WORK ITEM
Your copy should hold only the lines from the one with "Lyndhurst to Miepoll map" to the one with "Image of Party", both included, each exactly as it stands below, with no pictures.

TASK INPUTS
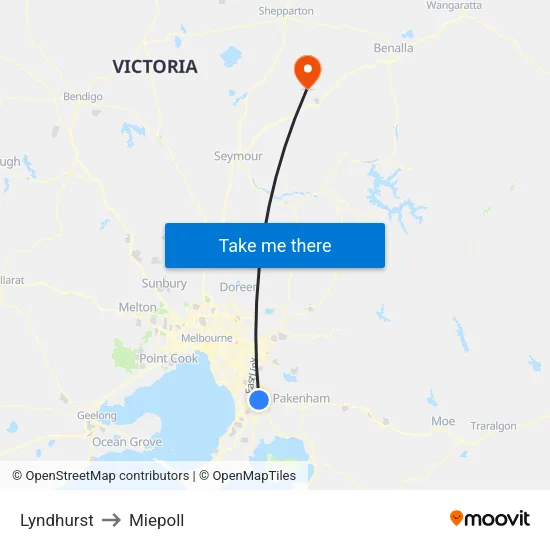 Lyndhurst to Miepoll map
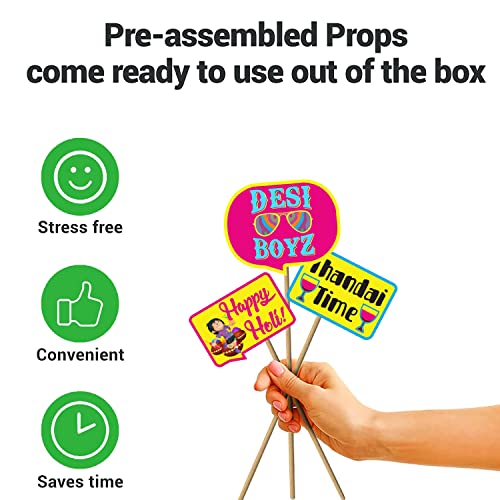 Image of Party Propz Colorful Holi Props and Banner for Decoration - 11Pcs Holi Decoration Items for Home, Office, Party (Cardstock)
...
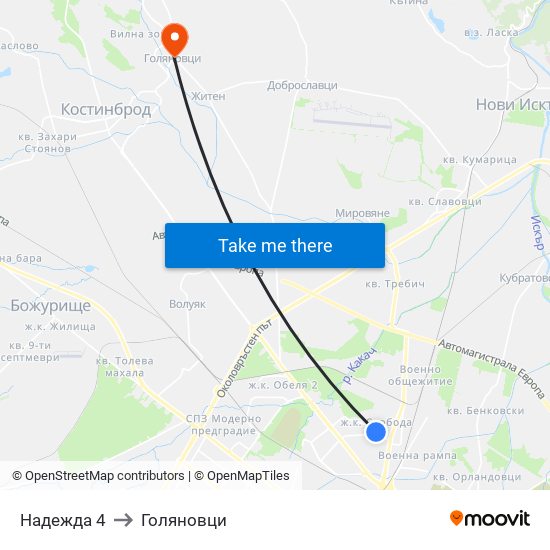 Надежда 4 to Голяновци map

RESPONSE TO THIS EXERCISE
 Lyndhurst to Miepoll map
 Image of Party Propz Colorful Holi Props and Banner for Decoration - 11Pcs Holi Decoration Items for Home, Office, Party (Cardstock)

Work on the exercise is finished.